Executing (Dissolve_3): Dissolve crlf2mi C:\data\newModels\geodatabase\scratch.mdb\crlf2midiss # # MULTI_PART
Start Time: Mon Oct 30 13:25:39 2006
Sorting Geometries…
Dissolving Geometries…
Error in executing function
Failed to execute (Dissolve_3).
End Time: Mon Oct 30 20:08:30 2006 (Elapsed Time: 6 hours 42 minutes 51 seconds)

DO YOU SEE THAT TIME! I sat there without using my machine for most of the afternoon (because I don’t want to have someone tell me that I was using memory that GP needed). I left it running over night and that is what greeted me this morning. I kept checking to make sure my PGDB was well below 2 gigs and it never got close. Thank goodness I had other work to do yesterday afternoon on another computer, but I am PO’ed. Can someone please tell me how GP is the way forward? Oh yeah, and just for kicks GP doesn’t release the memory it was consuming so I am left with 1.7gigs being used.

And now what do I do? Export to coverage and use ArcInfo – I am sure that will work but can anybody else besides me see how lame that is?

OK and on that note I am off to try and actually get something to work…

Advertisements

9 Comments

Leave a Comment
  1. Kirk / Oct 31 2006 11:04 am

    Hey Steve –
    I’ve struggled with buffering and unioning overlays (dissolve basically does a union). Maybe try slightly generalizing the geometries (so there are no circular arcs) before doing the dissolve.

    Seems to be a lot more stable in 9.2 http://forums.esri.com/Thread.asp?c=93&f=1741&t=203842&mc=3#611503

    Kirk

  2. dylan / Oct 31 2006 11:25 am

    Hi Steve.

    How about doing the operations one at a time? i.e. buffer, dissolve, etc. ?

    My wife is currently taking a GIS course (more like a ESRI button pushing course, but i digress) and this type of problem is always coming up. Doing the multi-part analysis in pieces always seems to do the trick. Or you might just try using PostGIS for such large operations…

    Cheers,

    Dylan

  3. Dave / Oct 31 2006 1:57 pm

    Steve,

    I’m right there with you on GP being a big fat scam. The overhead involved in wrapping everything up to a lovely GP object is huge, and it shows in the performance/stability. I’m not calling for a return to “Arc:” commandline, but if they can’t even come close to the same performance, maybe they should look at making some changes.

    ArcGIS is supposed to be the king kahuna of GIS packages and it takes 6 hours to deal with 11,000 features? What’s that – a whopping feature every 2 seconds (6 * 60 * 60 = 21,600 seconds / 11,000 features = ~2)

    So what happens if I’m going to try to analyze a large dataset, say with 1,000,000 features? Assuming it finishes, you’re looking at 2 milltion seconds, or 555 DAYS of processing on Steve’s box. Nice.

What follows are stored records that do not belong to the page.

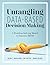 Untangling Data-Based Decis...
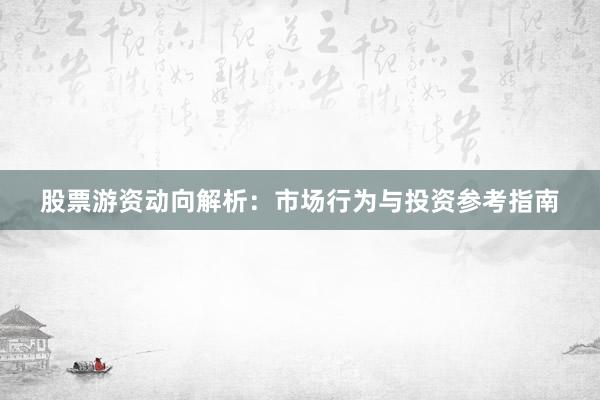股票游资动向解析：市场行为与投资参考指南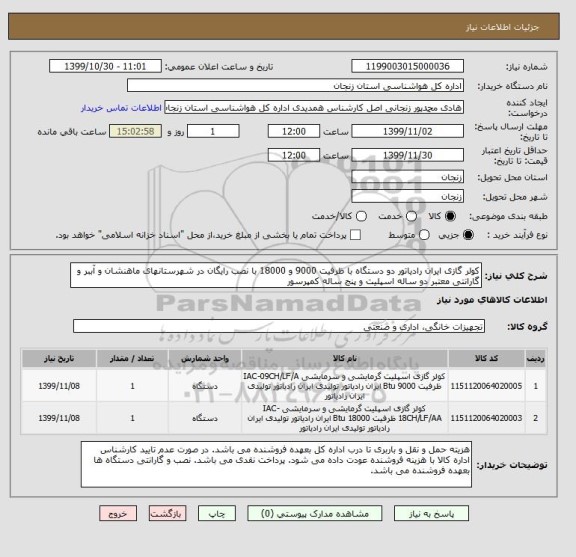 استعلام کولر گازی ایران رادیاتور دو دستگاه با ظرفیت 9000 و 18000 با نصب رایگان در شهرستانهای ماهنشان و آببر و گارانتی معتبر دو ساله اسپلیت و پنج ساله کمپرسور 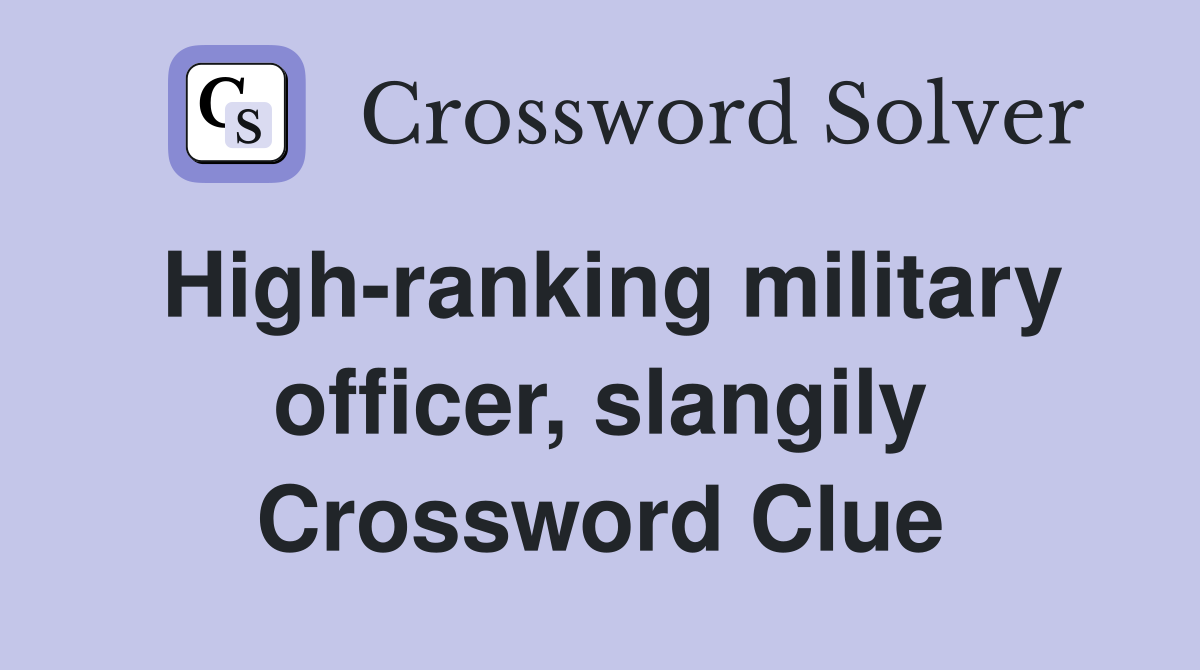 High-ranking military officer, slangily Crossword Clue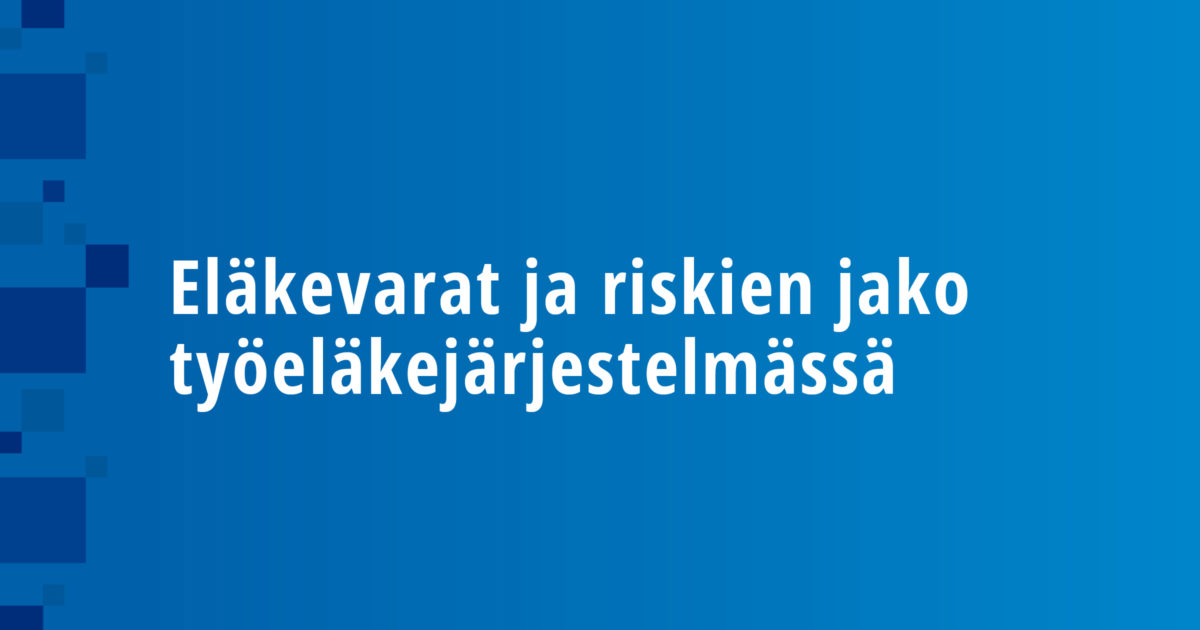 Eläkevarat ja riskien jako työeläkejärjestelmässä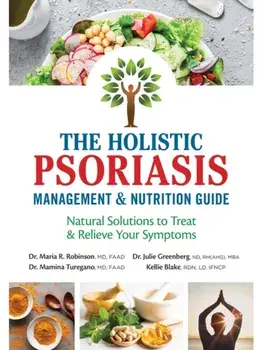 The Holistic Psoriasis Management and Nutrition Guide. Natural Solutions to Treat and Relieve Your Symptoms, Paperback/Kellie, RDN, LD, IFCNP Blake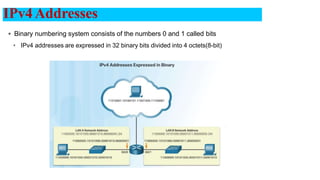  Binary numbering system consists of the numbers 0 and 1 called bits
• IPv4 addresses are expressed in 32 binary bits divided into 4 octets(8-bit)
IPv4Addresses
4
 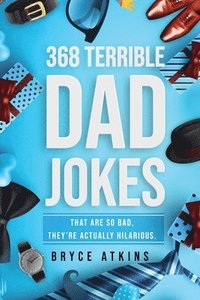 bokomslag 368 Terrible Dad Jokes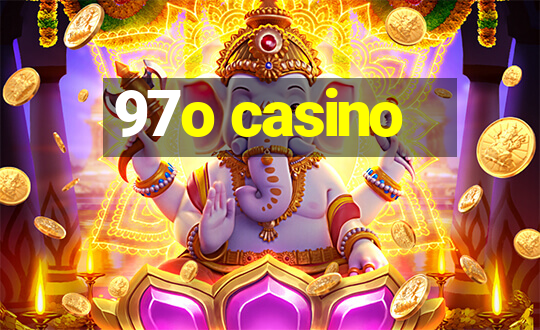 97o casino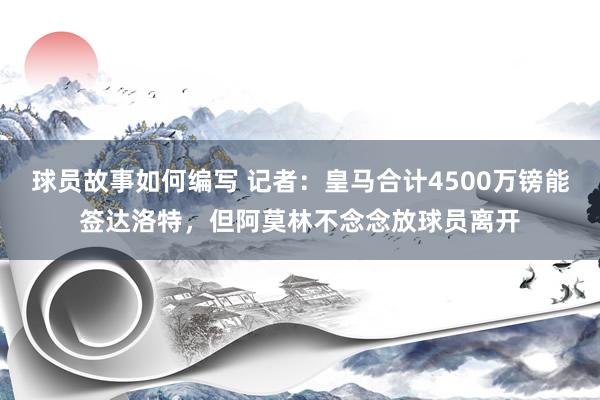 球员故事如何编写 记者：皇马合计4500万镑能签达洛特，但阿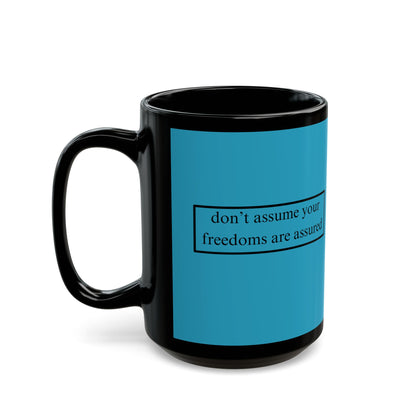 don't assume your freedoms are assured Black font Turquoise Mug by theGreenDragonTavern.shop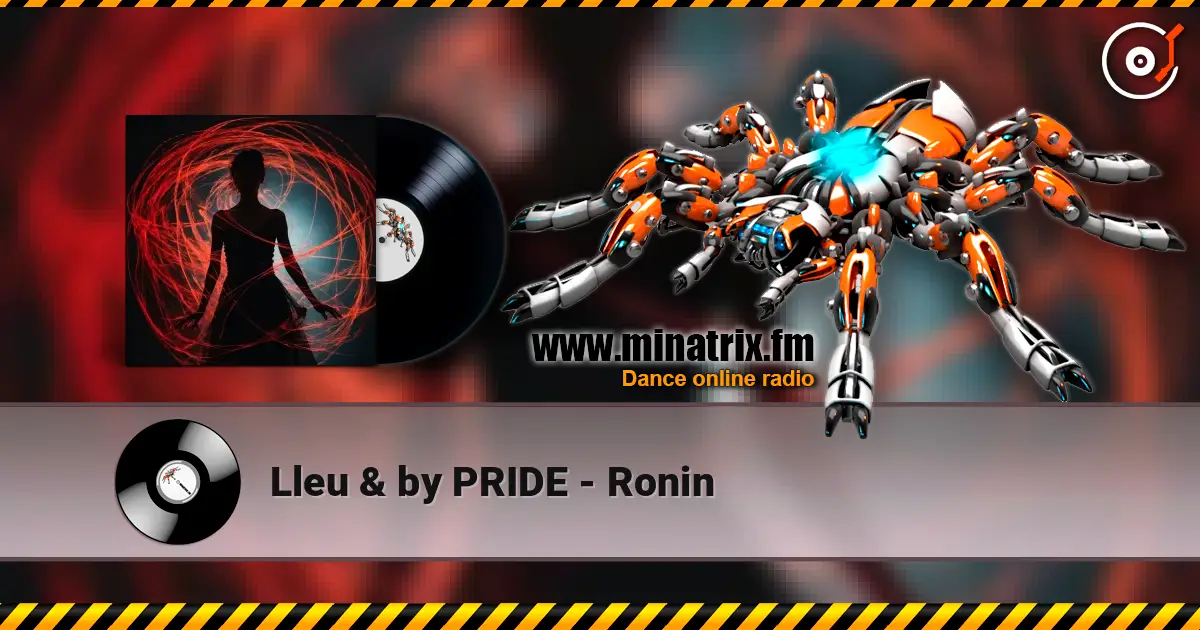 Lleu & by PRIDE - Ronin слухати онлайн у високій якості | Minatrix.FM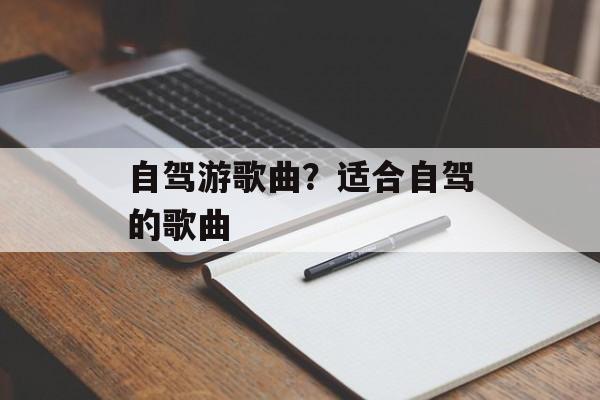 自驾游歌曲？适合自驾的歌曲-第1张图片-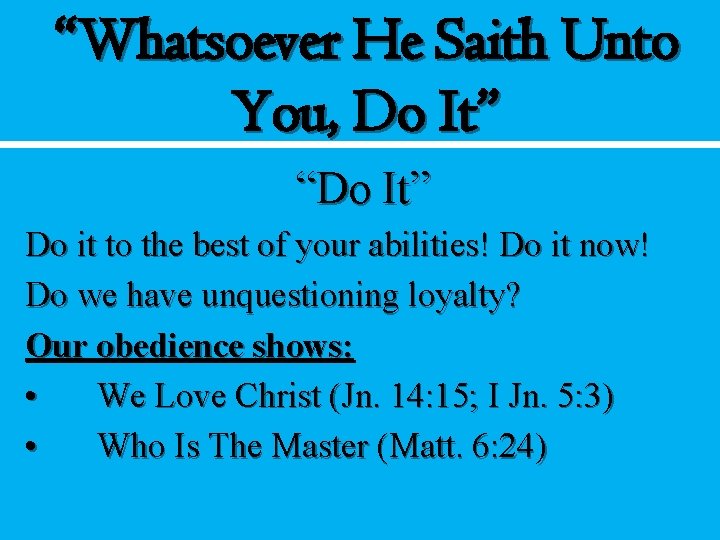 “Whatsoever He Saith Unto You, Do It” “Do It” Do it to the best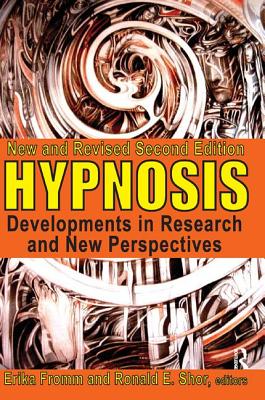 Hypnosis: Developments in Research and New Perspectives - Shor, Ronald E. (Editor)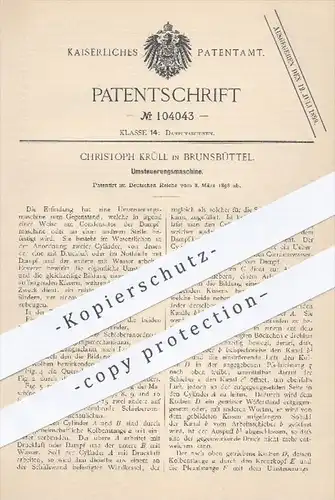 original Patent - Christoph Krüll , Brunsbüttel , 1898 , Umsteuerungsmaschine für Dampfmaschinen , Steuerung , Motor !!!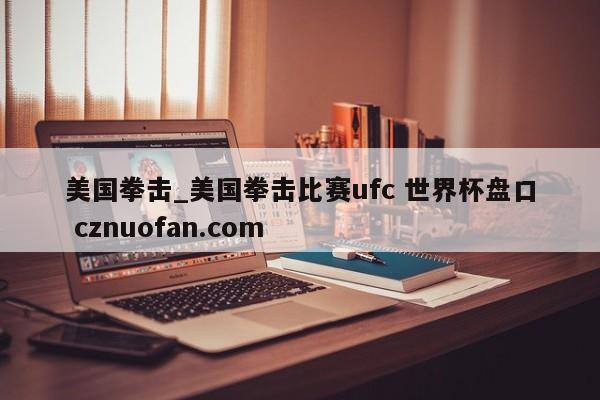 美国拳击_美国拳击比赛ufc 世界杯盘口 cznuofan.com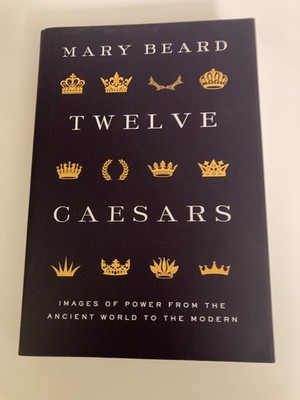 Twelve Caesars by Mary Beard (2021, HC) 1st Ed w/Protective Cover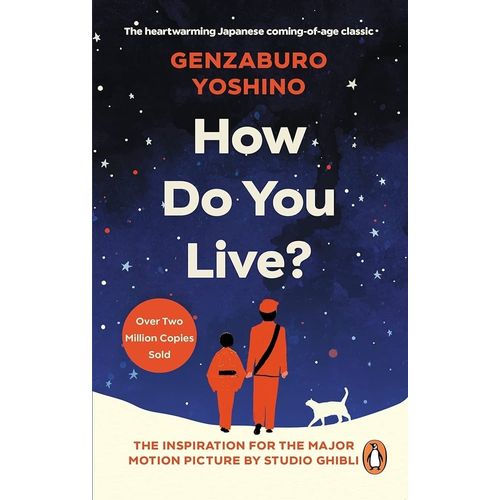 HOW DO YOU LIVE? - GENZABURO YOSHINO
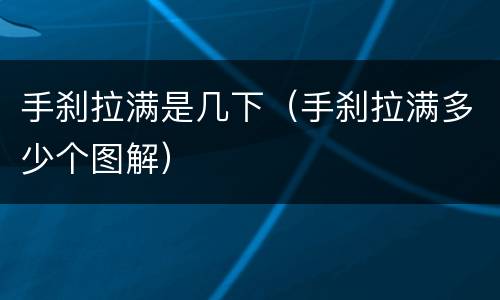 手刹拉满是几下（手刹拉满多少个图解）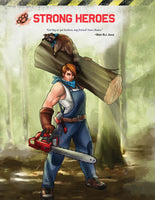 Everyday Heroes:  Core Rulebook - Campaign Supplies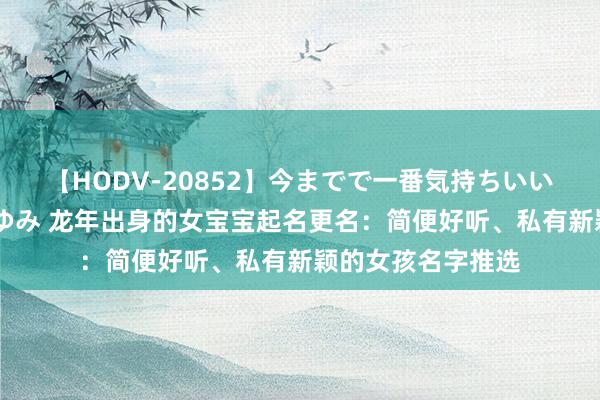 【HODV-20852】今までで一番気持ちいいセックス 望月あゆみ 龙年出身的女宝宝起名更名：简便好听、私有新颖的女孩名字推选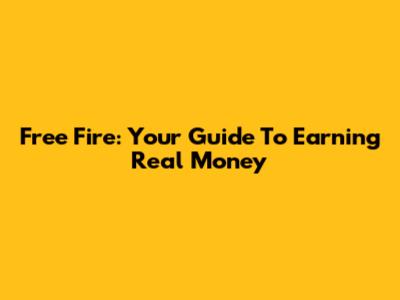 Free Fire: Your Guide To Earning Real Money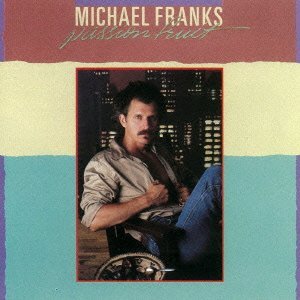 マイケル・フランクス / パッションフルーツ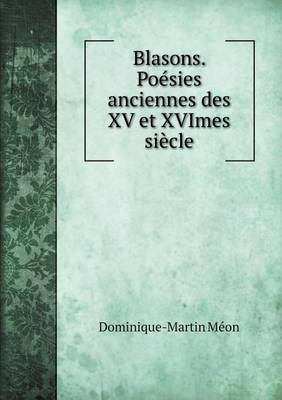 Book cover for Blasons. Poésies anciennes des XV et XVImes siècle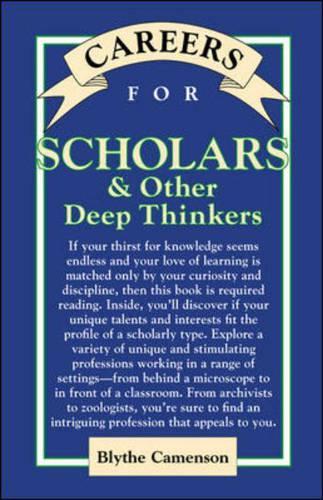 Careers for Scholars & Other Deep Thinkers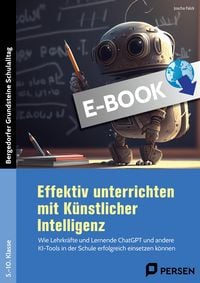 Produktbild: Effektiv unterrichten mit K&uuml;nstlicher Intelligenz
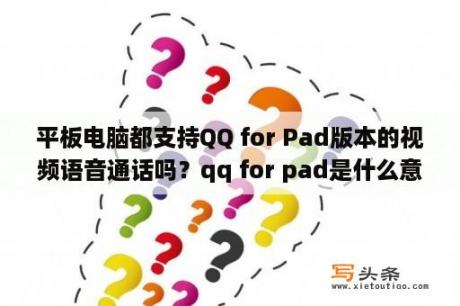 平板电脑都支持QQ for Pad版本的视频语音通话吗？qq for pad是什么意思？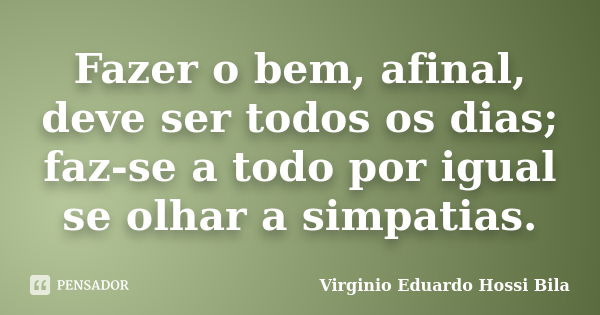 Fazer o bem, afinal, deve ser todos os dias; faz-se a todo por igual se olhar a simpatias.... Frase de Virginio Eduardo Hossi Bila.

    It would be interesting to get some performance feedback from doing thinks like this in PostGIS just for comparison. Or hell – maybe in NetTopologySuite (http://nts.sourceforge.net/)

    Dave

  4. dylan / Oct 31 2006 2:01 pm

    If any of you guys are on the postgis mailing list (i am) we should put up some benchmarks of common tasks. Since not everyone has access to the same type of system, they would be a bit difficult to compare – but at least it would be a starting point.

    Also. Dave your calculations might be off if the GP functions do not scale linearly – or if there is some type of caching. One more reason for more data points.

    Steve, if you can post a subset of your data with the intent of the analysis, I will try and replicate it in PostGIS.

    Cheers,

  5. thesteve0 / Oct 31 2006 4:30 pm

    Just some quick notes. I can get buffer to run on over 11K features but only if I turn off dissolve during the buffer operation. So I did the buffer and then as a seperate step I ran the dissolve.

    I don’t think I am going to go down the benchmarking route for fear of legal issues. I am sure somewhere my EULA there is something saying I can’t do them and then publish them.
    I may do it internally and then just say which one we decided to go with, though I am so swamped right now I am not sure I have the time.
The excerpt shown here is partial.